A warmly consoling tribute to a much-missed artist

Renaud Capuçon: Chausson

The Strad Issue: July 2026

Description: A warmly consoling tribute to a much-missed artist

Musicians: Renaud Capuçon (violin) Nicholas Angelich (piano) Ébène Quartet, Brussels Philharmonic/ Stéphane Denève

Works: Chausson: Concert; Poème

Catalogue number: ERATO 2685456552

Chausson’s Concert, written in 1888–91 when he was breaking away from German influences, came only a few years after he had travelled to Bayreuth to worship at Wagner’s altar. More than in the later Poème for violin and orchestra, the Concert owes a debt to César Franck, not least in its chromatic harmony and cyclic form. Franck’s spirit also hovers over the first movement’s brooding mystery. Nicholas Angelich brings supple fluidity to the web of gothic arpeggios (he also revels in the porcelain upper register of his piano) and Renaud Capuçon brings fearless playing, whether in the heroic first theme or at the point when the second theme appears in octaves. His sweet tone in the Sicilienne brings a pastoral lift, while the Ébène Quartet gently babbles and surges. The Grave is the highlight, Capuçon creating intimacy with reduced vibrato and matching the mood of Angelich’s slowly snaking chromaticism. At the movement’s end the music drifts magically away to remoter depths.

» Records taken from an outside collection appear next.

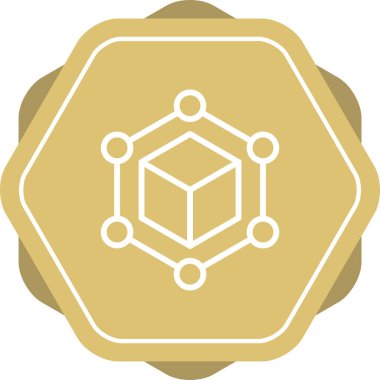 Blockchain web simgesi, basit vektör illüstrasyonu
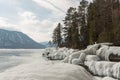 View of beautiful drawings on ice from cracks on the surface of lake Teletskoye in winter, Russia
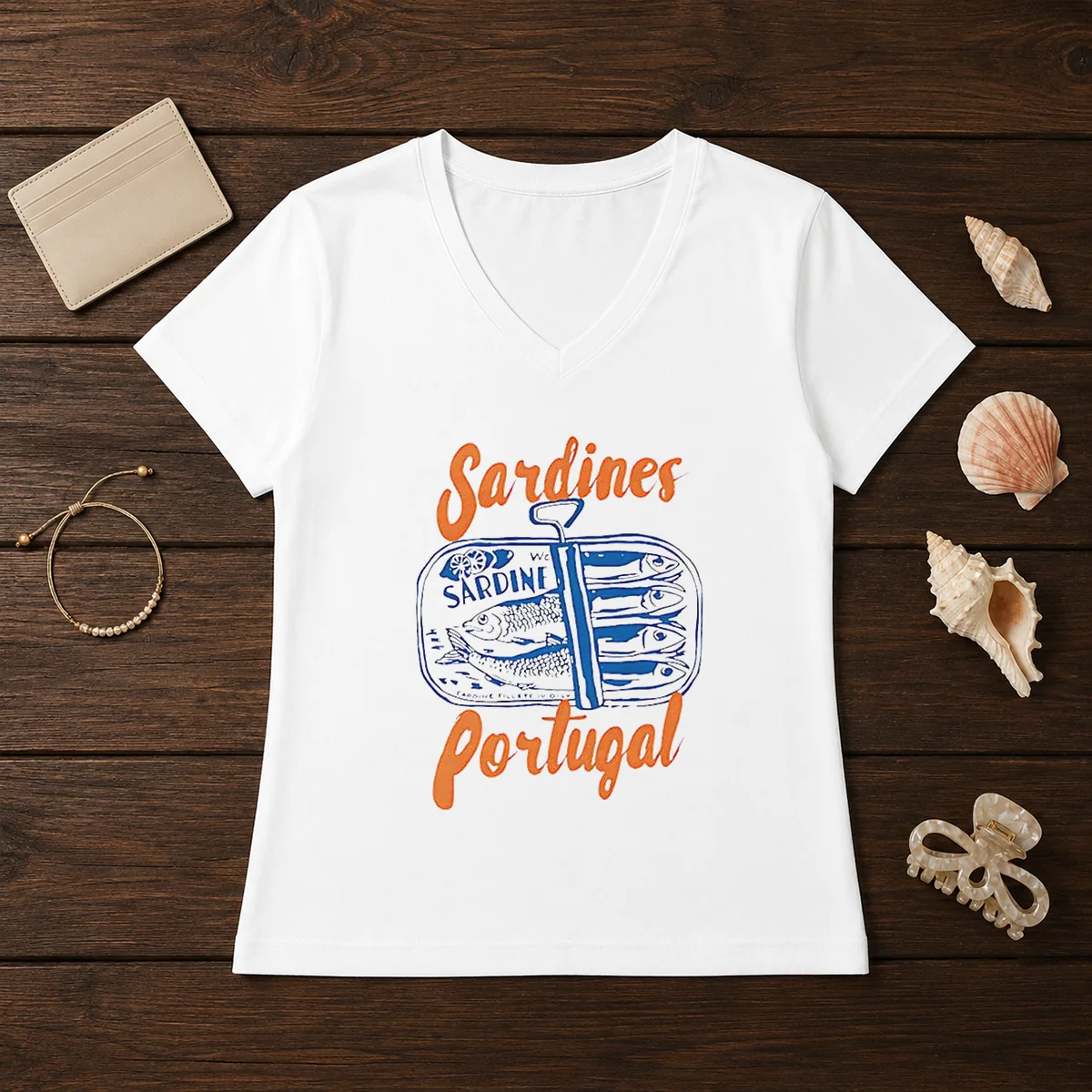 Funny Sardines Portugal Sardine Sardine Fillete V-Neck Shirt Funny Sardines Portugal Sardine Sardine Fillete V-Neck Shirt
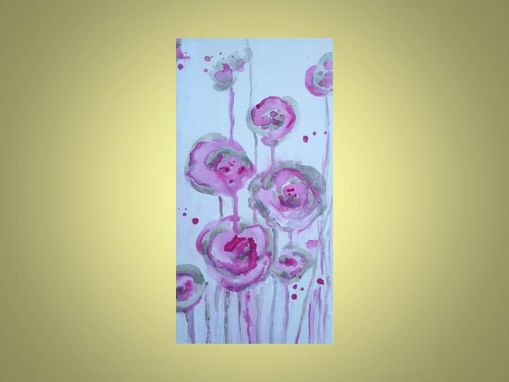 Custom Made Pink Roses Painting Original Abstract-6"X12" Pink White Silver Flowers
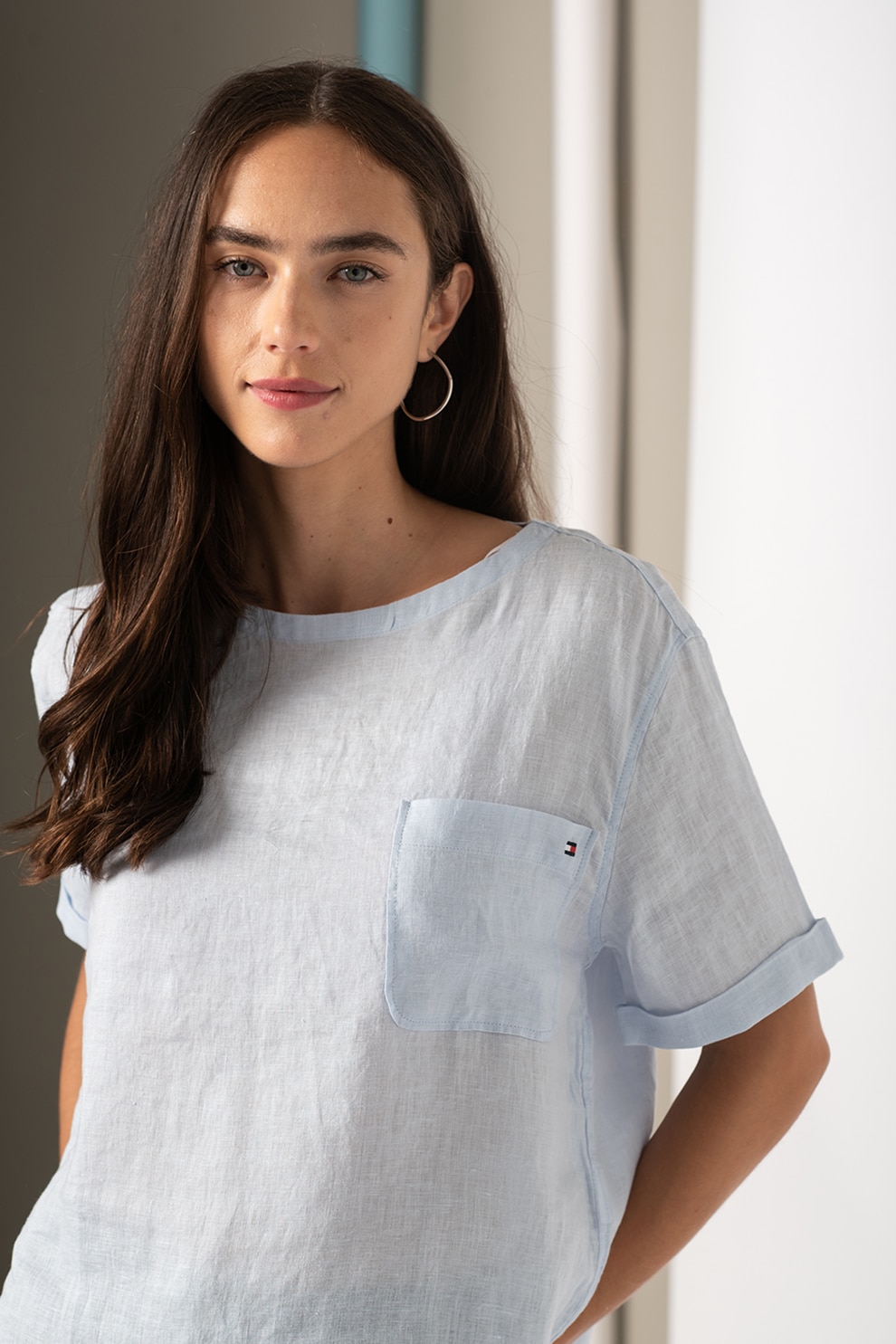 Tommy Hilfiger, Bluza de in cu slituri laterale, Albastru deschis
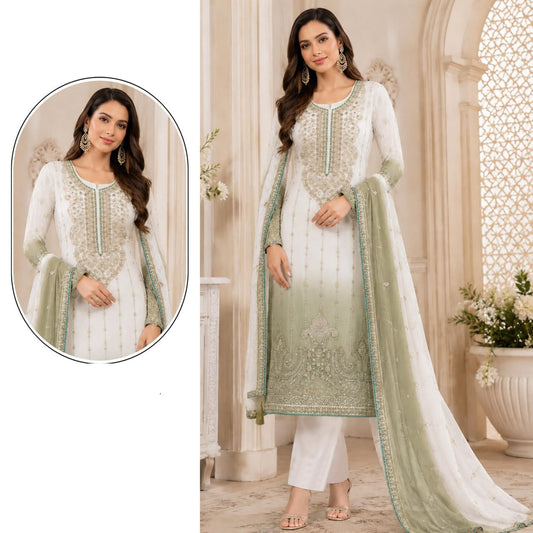 Women’s Semi-Stitched Designer Suit Material with Embroidered Crunchy Padding Top & Dupatta | Sequence and Khatli Work Dress Material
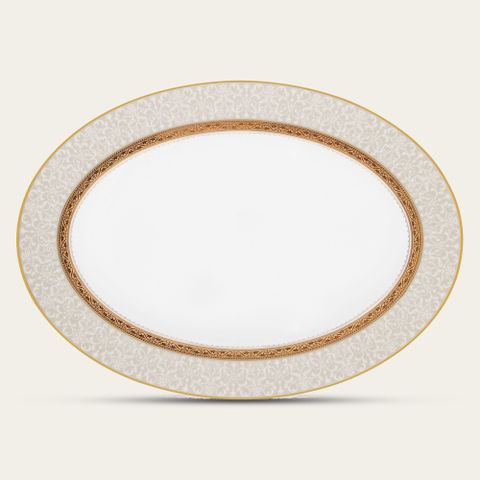  Đĩa Oval cỡ vừa (MD) dài 36,8cm sứ xương | Noritake Odessa Gold 4874-1L - 97244 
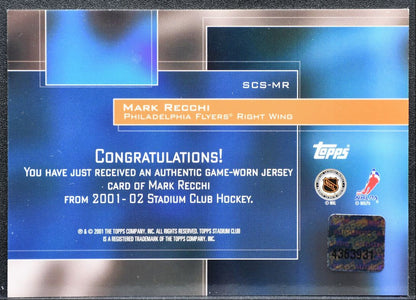 2001-02 Topps Stadium Club Souvenirs Jersey Recchi Flyers Jersey 0086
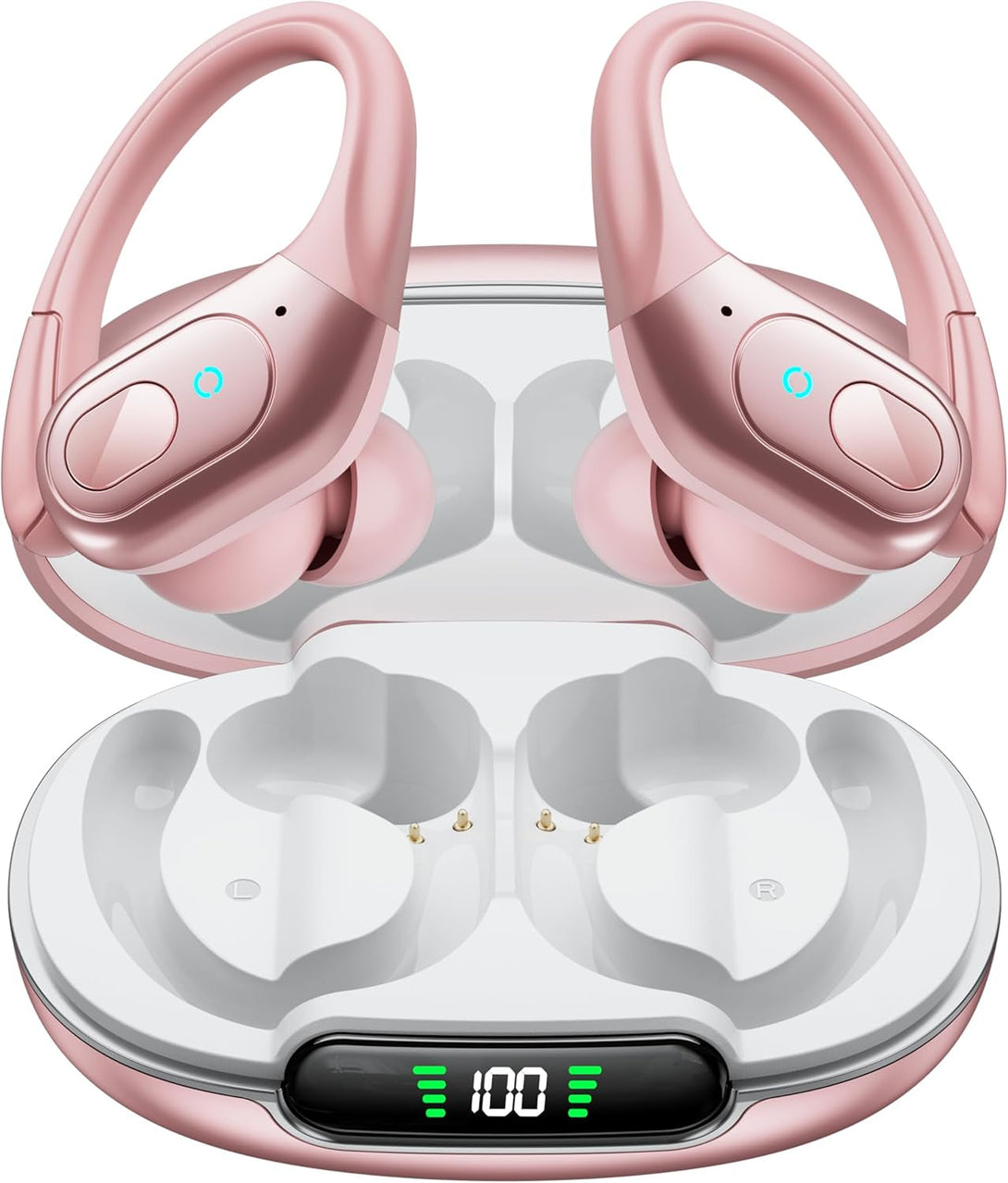 Occiam Wireless Earbuds Bluetooth Headphones 90H Playback Sport Ear Buds with Earhook LED Display Charging Case in Ear Sweatproof Running Earphones for Workout Ios Android Cellphone,Rose Gold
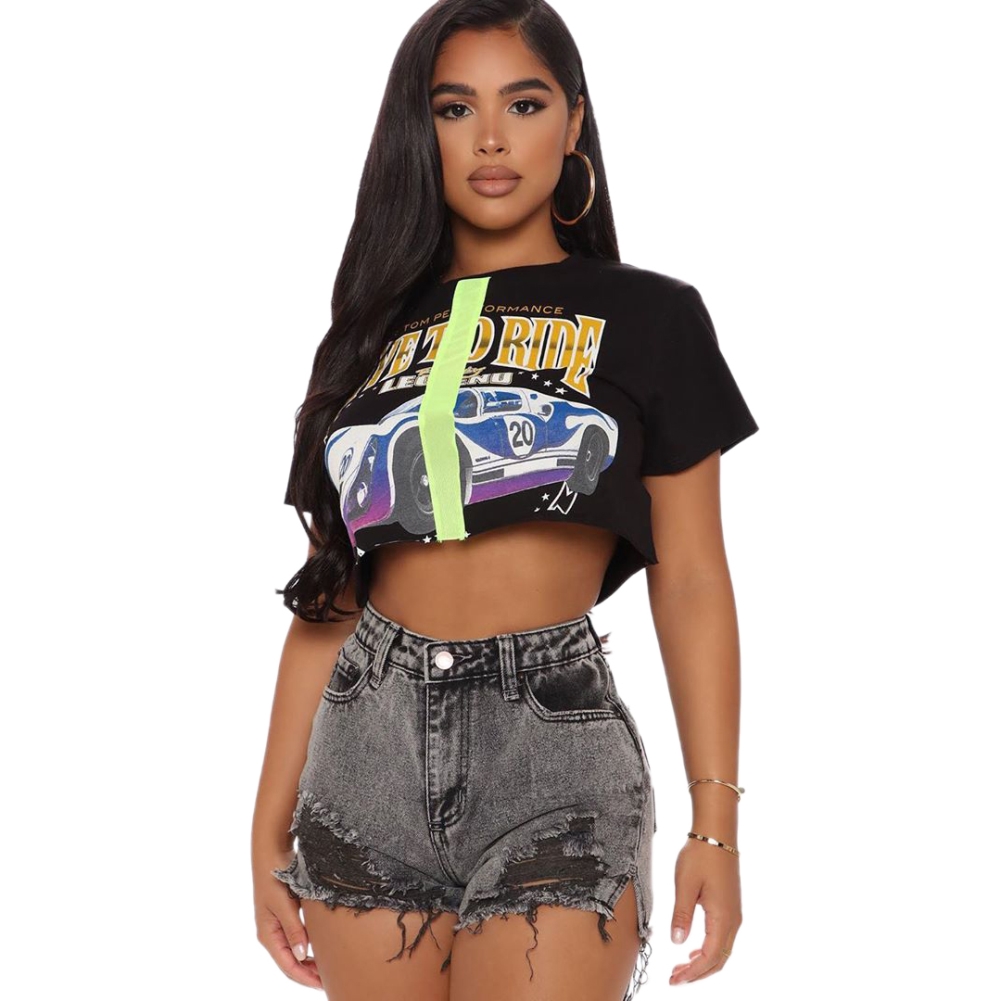 Dark Grey High Waist Ripped Denim Shorts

Capuçon sustains a narrative quality in the long singing lines of the Poème, while also playing with confident flair. The passages of Bach-like implied counterpoint are beautifully clean. This is an effective pairing featuring high-class playing, and also a fitting tribute to the late Nicholas Angelich, with whom Capuçon had worked since the 1990s.